Philip Glass’s The Perfect American

Philip Glass’s new opera The Perfect American is still available for viewing, free on  The world premiere production was presented by Teatro Real in Madrid.

As always I am willing to go the extra mile as a viewer and advocate of an ambitious project such as this one.  I did not hear a great deal in response (critical opinion one way or another), possibly because it is not easy to decode, and therefore may be misread. Maybe it’s still early, maybe i move in the wrong circles to know.

This is a fictionalized biographical opera about Walt Disney’s last days as he’s dying of lung cancer.  Where Akhnaten, Einstein or Gandhi are titans who lend themselves easily to abstract portrayal in opera, Disney is another matter entirely, at least as seen in this case.  In the style of the portrait operas (the three icons named above) we needn’t worry too much about details of daily life, when employing such an abstracted style that lends itself to symbolic readings.

The Perfect American (click for further information, to be presented by the English National Opera in June)

But The Perfect American is to my ear a completely different direction for the composer, an opera whose libretto shows a closer resemblance to normal human dialogue than any previous Glass opera.  While there may have been incidents of the cartoonist’s life that could lend themselves to the same sort of treatment as what we say in the portrait operas, that’s not at all what Glass attempted this time.  While the composer may just now have reached 75 years old, like other great composers in their maturity such as Verdi or Wagner, Glass is still experimenting with new sounds & dramaturgical structures.  Based on Peter Stephan Jungk’s novel, Libretto by Rudy Wurlitzer, this co-production between Teatro Madrid and the English National Opera (who will stage the opera in June) is directed by Phelim Mc Dermott who directed the co-production of Satyagraha with the Metropolitan, and conducted by Dennis Russell Davies.

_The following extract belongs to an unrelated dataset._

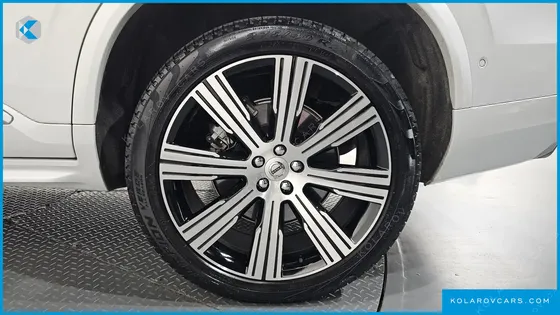 VOLVO XC90 B6 INSCRIPTION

It’s an opera with several big moments.

  • We hear of Walt’s famous wish to be cryogenically preserved, setting up the ending
  • We see the animatronic Abraham Lincoln, the ultimate ubermarionette; it (not he) is a big machine played by a man, that keeps breaking down, with lots of wires & tubes coming out of his back.  Walt and the machine debate rather sadly, until Disney (who gets the last word) proclaims “your views no longer tally with mine”.
  • Walt is hounded by Wilhelm Dantine, who debates the ownership of the intellectual property of the Disney brand.
  • Walt complains at least twice that his name is no longer his own, that it belongs to the company, not to him.
  • Disney sometimes confuses illusion with reality, something we’re explicitly told, but see several times, such as the debate with the fake Lincoln that concludes the first Act.

I found myself fighting the work, possibly because I don’t believe nor like the version of Walt Disney in this opera, or at least this story doesn’t square with what I saw unfolding in the media before my eyes as i grew up.  The Walt Disney I remember as a child—a figure I saw many times on Sunday night television—was an unsophisticated product of small-town America –just as the opera would have it—who loved animals and nature.  That’s about all of the Walt I knew who makes it into the opera.

We see both Walt & his brother Roy.  This Roy seems much gentler than capitalistic Walt, who comes across as a booster of Ronald Reagan and his conservative agenda.  Sorry, this is hard for me to believe, as I recall that Roy was the organizational wizard who rescued the company, that hadn’t done so well with Disneyland, but came into its own after Roy came up with Disneyworld & Epcot.  Still, if Wilhelm Dantine were pursuing Roy, if Roy were the actual conservative, then the story would lose its focus.  Christopher Purves, whom I reviewed a few days ago in Written on Skin, is a strong Walt Disney, surely a stronger figure perhaps than I expected or wanted to see, even if it likely squares with Jungk’s novel and is a marvelous creation all the same.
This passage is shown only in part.